Utilizing the five year return allows you to see many different aspects the shorter term returns may omit. Business tendencies during different parts of the year may be picked up over a five year return. Also, you can take a look at different macro events such as the location of the business cycle as a whole.
If you are a day trader or short term trader, then the five year return approach may not fit your profile because you are looking more closely at the here and now, rather than what happened five years prior. For people who are looking to buy and hold, the five year return might be up your ally.
When looking at returns, it is important to narrow in on specifics because the five year return may not fit for every equity. If you are looking at a target date mutual fund, odds are the five year return will be steadily increasing due to its agenda. It is different too if you are looking at an ETF that tracks the broader market, which may not warrant a look at the five year return because the overall market tends to increase, even after difficult economic events such as 2008 and the great depression.
You can also utilize the five year return to look at where the stock has been compared to where you believe the stock can go, giving you a potential price target. Price targets do not have a set formula to use, but looking at historical events can certainly give you an insight to how a company may react if it were to happen again.

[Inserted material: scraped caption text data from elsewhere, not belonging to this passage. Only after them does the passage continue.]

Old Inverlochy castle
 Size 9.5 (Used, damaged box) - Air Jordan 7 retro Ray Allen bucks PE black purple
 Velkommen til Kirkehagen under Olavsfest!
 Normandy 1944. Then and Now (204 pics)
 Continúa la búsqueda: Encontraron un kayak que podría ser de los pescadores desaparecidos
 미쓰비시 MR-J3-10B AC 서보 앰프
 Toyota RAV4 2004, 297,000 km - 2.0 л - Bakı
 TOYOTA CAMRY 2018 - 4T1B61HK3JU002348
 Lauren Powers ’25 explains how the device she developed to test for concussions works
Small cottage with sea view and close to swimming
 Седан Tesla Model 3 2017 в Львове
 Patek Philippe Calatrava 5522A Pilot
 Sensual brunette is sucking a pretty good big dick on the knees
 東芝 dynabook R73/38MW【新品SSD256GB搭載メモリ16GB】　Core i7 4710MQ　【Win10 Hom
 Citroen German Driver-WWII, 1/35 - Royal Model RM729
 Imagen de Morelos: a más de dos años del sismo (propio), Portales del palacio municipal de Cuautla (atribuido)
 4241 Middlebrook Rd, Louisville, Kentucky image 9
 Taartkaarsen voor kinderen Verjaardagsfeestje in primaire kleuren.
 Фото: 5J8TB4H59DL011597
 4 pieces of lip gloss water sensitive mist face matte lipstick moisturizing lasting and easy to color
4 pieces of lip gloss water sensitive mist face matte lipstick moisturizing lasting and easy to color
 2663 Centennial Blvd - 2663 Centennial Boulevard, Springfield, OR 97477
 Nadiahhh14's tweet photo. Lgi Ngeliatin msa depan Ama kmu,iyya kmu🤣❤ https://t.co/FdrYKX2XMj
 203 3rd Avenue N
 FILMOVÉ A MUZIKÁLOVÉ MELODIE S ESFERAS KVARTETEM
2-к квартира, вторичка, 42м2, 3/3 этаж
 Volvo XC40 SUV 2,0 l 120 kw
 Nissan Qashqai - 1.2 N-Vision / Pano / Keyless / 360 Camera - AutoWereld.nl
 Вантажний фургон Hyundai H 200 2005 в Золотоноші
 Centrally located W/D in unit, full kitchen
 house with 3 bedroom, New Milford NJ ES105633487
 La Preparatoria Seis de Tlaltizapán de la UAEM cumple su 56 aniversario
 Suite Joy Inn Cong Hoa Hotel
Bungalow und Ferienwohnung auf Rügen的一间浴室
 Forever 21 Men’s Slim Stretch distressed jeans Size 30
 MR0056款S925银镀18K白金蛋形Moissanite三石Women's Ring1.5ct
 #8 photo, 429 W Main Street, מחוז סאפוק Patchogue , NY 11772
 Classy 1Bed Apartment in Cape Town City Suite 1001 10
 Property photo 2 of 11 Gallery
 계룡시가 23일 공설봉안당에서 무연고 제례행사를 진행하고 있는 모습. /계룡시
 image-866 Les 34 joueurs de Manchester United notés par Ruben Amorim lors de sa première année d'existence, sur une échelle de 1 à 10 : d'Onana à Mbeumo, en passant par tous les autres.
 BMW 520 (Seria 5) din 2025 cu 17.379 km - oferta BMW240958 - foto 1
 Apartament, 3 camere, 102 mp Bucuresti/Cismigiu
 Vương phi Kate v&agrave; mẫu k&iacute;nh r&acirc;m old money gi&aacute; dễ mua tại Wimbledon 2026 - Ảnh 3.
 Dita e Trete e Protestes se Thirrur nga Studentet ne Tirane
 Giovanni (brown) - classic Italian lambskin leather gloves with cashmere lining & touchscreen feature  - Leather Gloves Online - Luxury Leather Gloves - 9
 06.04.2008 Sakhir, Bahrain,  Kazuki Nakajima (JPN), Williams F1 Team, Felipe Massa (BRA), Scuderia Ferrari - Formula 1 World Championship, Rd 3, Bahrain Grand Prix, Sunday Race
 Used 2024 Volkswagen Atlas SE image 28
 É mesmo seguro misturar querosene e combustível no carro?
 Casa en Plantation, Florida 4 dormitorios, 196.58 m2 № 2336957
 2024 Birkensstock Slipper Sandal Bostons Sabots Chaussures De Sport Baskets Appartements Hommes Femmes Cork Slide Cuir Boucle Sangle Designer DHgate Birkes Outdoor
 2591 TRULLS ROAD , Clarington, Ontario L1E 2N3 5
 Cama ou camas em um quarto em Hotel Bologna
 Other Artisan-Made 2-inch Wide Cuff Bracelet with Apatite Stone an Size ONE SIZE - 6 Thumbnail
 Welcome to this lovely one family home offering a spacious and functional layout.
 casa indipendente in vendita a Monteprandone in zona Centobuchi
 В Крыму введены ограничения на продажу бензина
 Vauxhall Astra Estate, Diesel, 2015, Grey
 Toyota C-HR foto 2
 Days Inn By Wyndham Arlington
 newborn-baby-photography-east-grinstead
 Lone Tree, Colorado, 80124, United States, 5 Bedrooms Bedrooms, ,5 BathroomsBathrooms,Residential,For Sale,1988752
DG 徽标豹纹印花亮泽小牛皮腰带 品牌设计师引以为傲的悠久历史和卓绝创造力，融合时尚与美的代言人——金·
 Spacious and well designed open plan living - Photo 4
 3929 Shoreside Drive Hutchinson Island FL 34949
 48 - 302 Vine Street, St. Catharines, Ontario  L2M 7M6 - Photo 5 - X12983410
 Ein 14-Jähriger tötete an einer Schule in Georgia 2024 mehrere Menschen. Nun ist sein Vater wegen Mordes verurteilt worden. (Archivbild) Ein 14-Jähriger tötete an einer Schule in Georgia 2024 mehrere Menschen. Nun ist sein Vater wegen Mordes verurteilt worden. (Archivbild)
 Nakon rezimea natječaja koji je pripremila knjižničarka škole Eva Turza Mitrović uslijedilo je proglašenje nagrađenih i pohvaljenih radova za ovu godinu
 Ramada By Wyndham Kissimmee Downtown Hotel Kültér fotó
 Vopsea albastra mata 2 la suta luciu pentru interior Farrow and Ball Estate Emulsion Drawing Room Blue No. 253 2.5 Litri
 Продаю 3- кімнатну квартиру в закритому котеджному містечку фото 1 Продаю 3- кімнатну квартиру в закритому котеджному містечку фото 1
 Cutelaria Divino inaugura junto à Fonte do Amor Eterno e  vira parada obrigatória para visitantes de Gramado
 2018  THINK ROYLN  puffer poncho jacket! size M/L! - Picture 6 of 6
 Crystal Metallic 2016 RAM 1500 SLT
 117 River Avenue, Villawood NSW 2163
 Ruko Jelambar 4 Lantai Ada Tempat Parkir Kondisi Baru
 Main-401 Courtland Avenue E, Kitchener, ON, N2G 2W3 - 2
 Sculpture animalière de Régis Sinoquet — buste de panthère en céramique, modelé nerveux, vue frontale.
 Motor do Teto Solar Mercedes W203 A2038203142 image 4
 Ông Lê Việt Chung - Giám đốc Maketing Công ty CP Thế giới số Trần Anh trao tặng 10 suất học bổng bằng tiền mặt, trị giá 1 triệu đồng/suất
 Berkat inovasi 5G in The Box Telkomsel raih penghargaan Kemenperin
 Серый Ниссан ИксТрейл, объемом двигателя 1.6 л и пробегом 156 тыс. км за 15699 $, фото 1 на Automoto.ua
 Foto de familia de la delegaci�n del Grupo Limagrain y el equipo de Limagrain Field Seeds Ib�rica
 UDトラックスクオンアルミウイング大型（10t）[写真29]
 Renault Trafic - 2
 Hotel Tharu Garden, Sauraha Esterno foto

When looking into the past, you do not want to become romantic and lose sight of the future, because the company and yourself need to be forward looking. History is great to learn from and understand how a company or equity may react, but don’t let the hinder your ability to predict the future with as much accuracy as you can. Find the right return history for your current investing and trading profile and include it with your research. I would compare it to salt in a dish, enough makes everything pop, but too much can ruin what you already have.